The Tall T—Randolph Scott, Richard Boone, Maureen O’Sullivan, Henry Silva, Skip Homeier, John Hubbard (1957; Dir: Budd Boetticher)
It is not clear what the title refers to; it is said to relate to Tenvoorde, owner of the 10-4 Ranch. At one time the working title of the movie was “T for Terror” (see the trailer on the DVD).
Patrick Brennan (Randolph Scott) is a former ramrod for that large Arizona ranch (the 10-4), now trying to establish his own ranch in the mountains. While trying to get his former employer to sell him a seed bull for his own stock, he instead loses his horse in a bet. (We see early on that he’s capable of making bad judgments, although he takes the consequences without complaint.)
He hitches a ride on a stagecoach driven by old friend Ed Rintoon (the excellent Arthur Hunnicutt) that is hijacked at a way station by Frank Usher (Richard Boone) and his two low-life confederates Chink and Billy Jack (Henry Silva and Skip Homeier). They’ve already killed the station manager and his young son and callously thrown their bodies down a well. They soon do the same to stage driver Rintoon. Usher and his gang try to carry out a plan to get a ransom for Doretta Mims, the woman traveling on the stage. Maureen O’Sullivan plays Doretta, the daughter of the owner of the largest copper mine in the territory, who’s just been married that morning to her father’s accountant Willard (John Hubbard)—a scurvy choice for a husband, as he shortly demonstrates. Brennan plans to get away. He ultimately does, and apparently ends up with the woman, too.

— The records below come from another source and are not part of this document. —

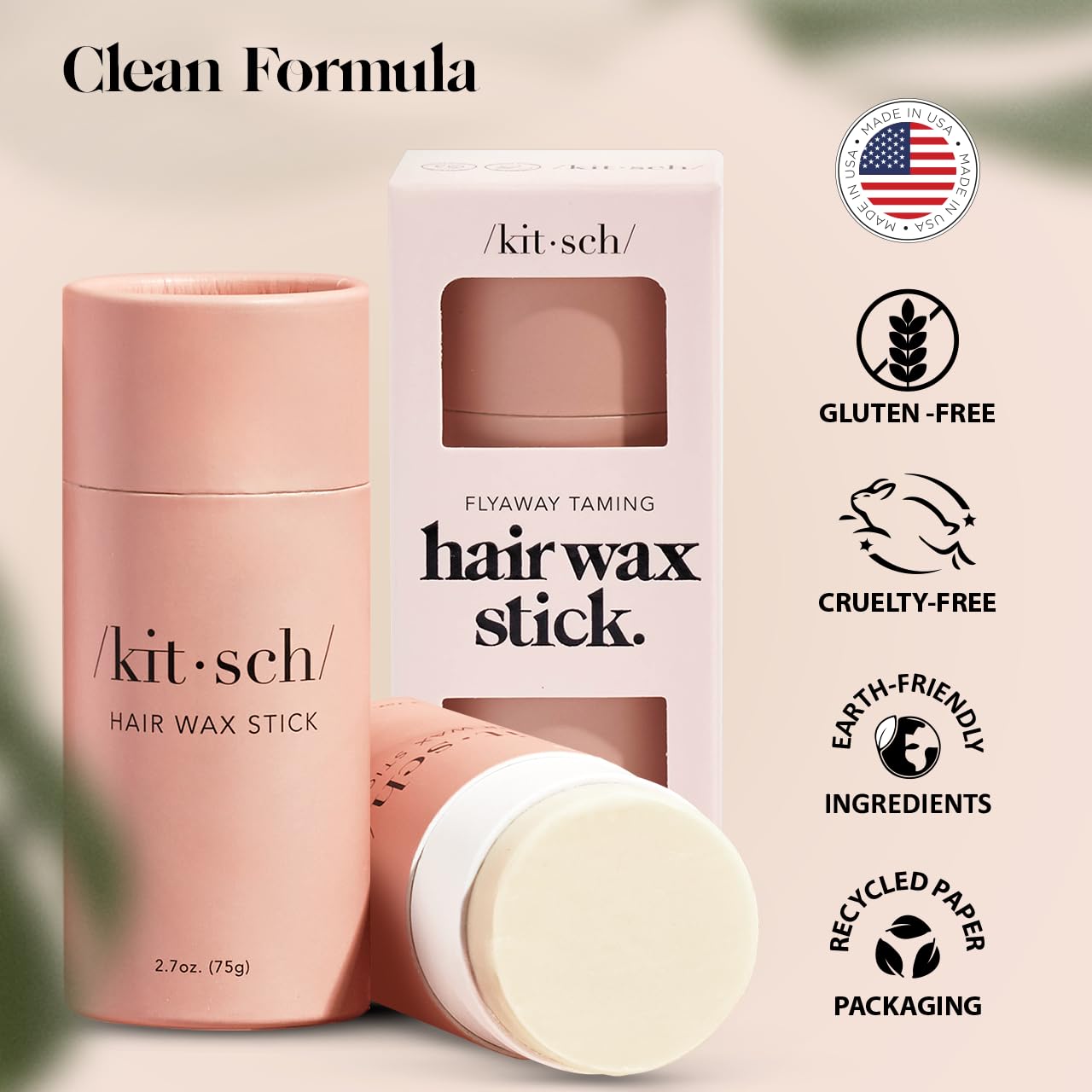 unscented, plant-based, cruelty-free clean beauty formulation
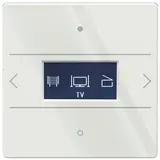 THEBEN iON8 G WH Glas-Raumcontroller LUXORliving iON Display | weiß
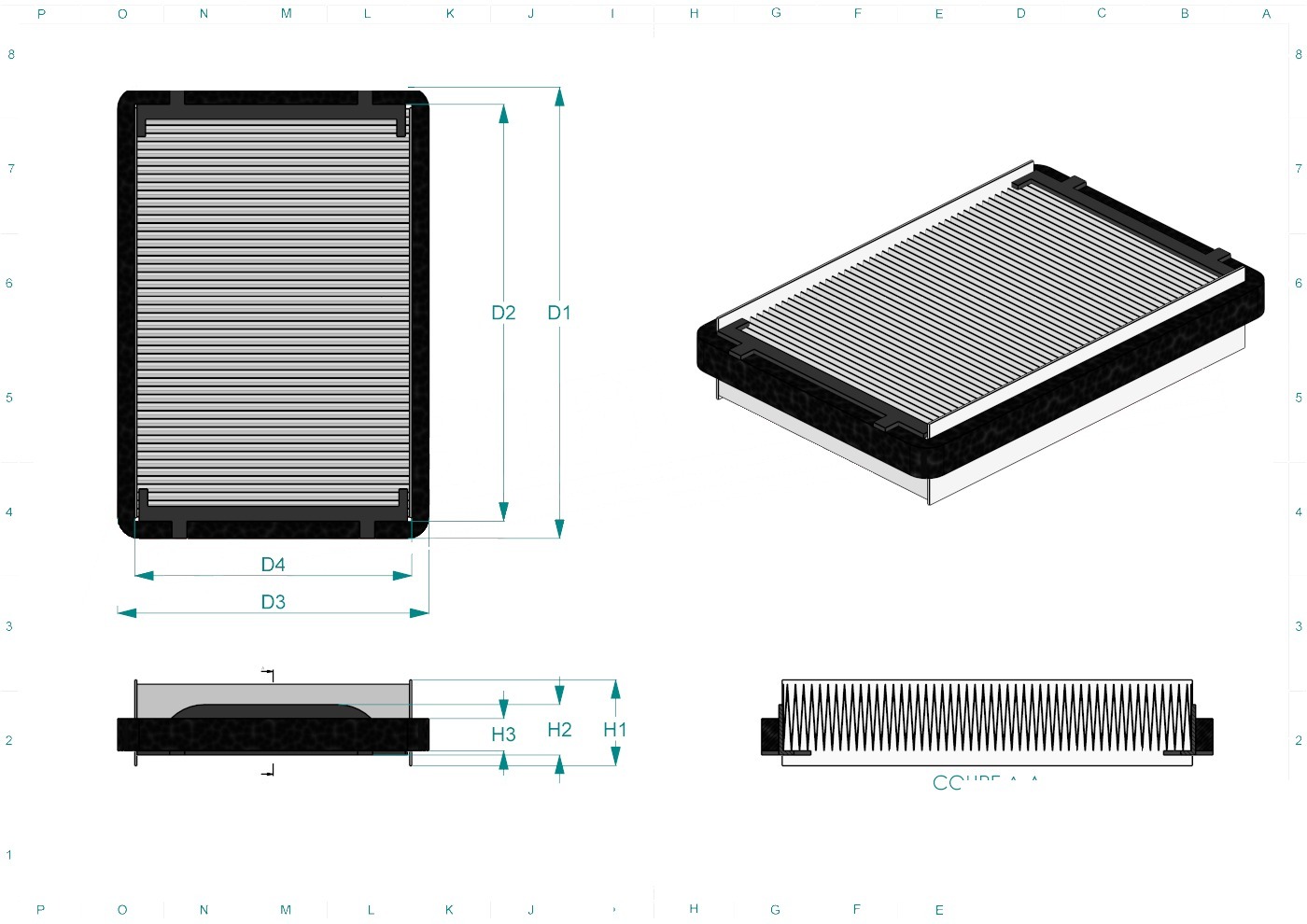 Disegno tecnico SC60175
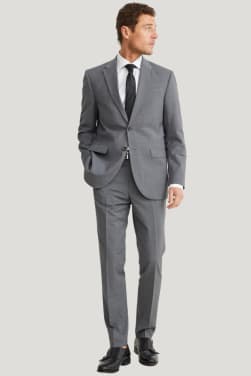 Costume de mariage gris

This was shot with a limited cast and budget in Lone Pine, as were the rest of Boetticher’s westerns with Scott. This has a few edges to it, reminiscent of the Mann westerns of the 1950s. It is spare movie-making, with the story told in relatively unadorned fashion in less than 80 minutes. Nevertheless, there’s a lot of interest in the psychology of the characters, as in Seven Men from Now. Richard Boone is great as a not-entirely-unsympathetic bad guy. There’s an interesting balance between Scott and Boone; in some ways, Usher sees Brennan as who he himself might have been in other circumstances. And might still be, only richer with the proceeds of this kidnapping-robbery-murder.
Randolph Scott and Richard Boone are great in this. Maureen O’Sullivan, known mostly from her appearances as Jane in the Tarzan movies with Johnny Weismuller in the 1930s, is also very good. Henry Silva and Skip Homeier make reliably nasty henchmen, in different ways. Silva, with his Jack Palance face, went on to make a modest career of playing bad guys (see The Law and Jake Wade and The Bravados). Homeier played a series of kids with guns in the early 1950s (The Gunfighter, Dawn at Socorro), but you can’t do that forever. Sooner or later, you meet somebody faster with a gun, or drift into television parts. Or both.
Getting the girl, for once.
Note Henry Silva’s cooperative corpse helping Brennan rope his legs to drag him into the hut. The plot is similar to Rawhide and Man of the West, with regular people being held prisoner by outlaws.
[Pat, to the freshly widowed and weeping Doretta, after he has killed three murderous kidnappers]:
“Come on, now. It’s gonna be a nice day.” [And they walk off arm in arm. You might think they’d try to get the outlaws’ horses instead of walking all the way to wherever they’re going.]
From a story by Elmore Leonard (“The Captives”); the screenplay is by Burt Kennedy, as was usual with Boetticher’s better Ranown westerns. As in Delmer Daves’ 3:10 to Yuma (also from an original story by Leonard), some of the early action takes place in the town of Contention. As with others of the Ranown-Boetticher westerns, this was not generally available until the release of the Boetticher set in 2008, so they have not been seen as widely as they deserve. This is one of the four best of them.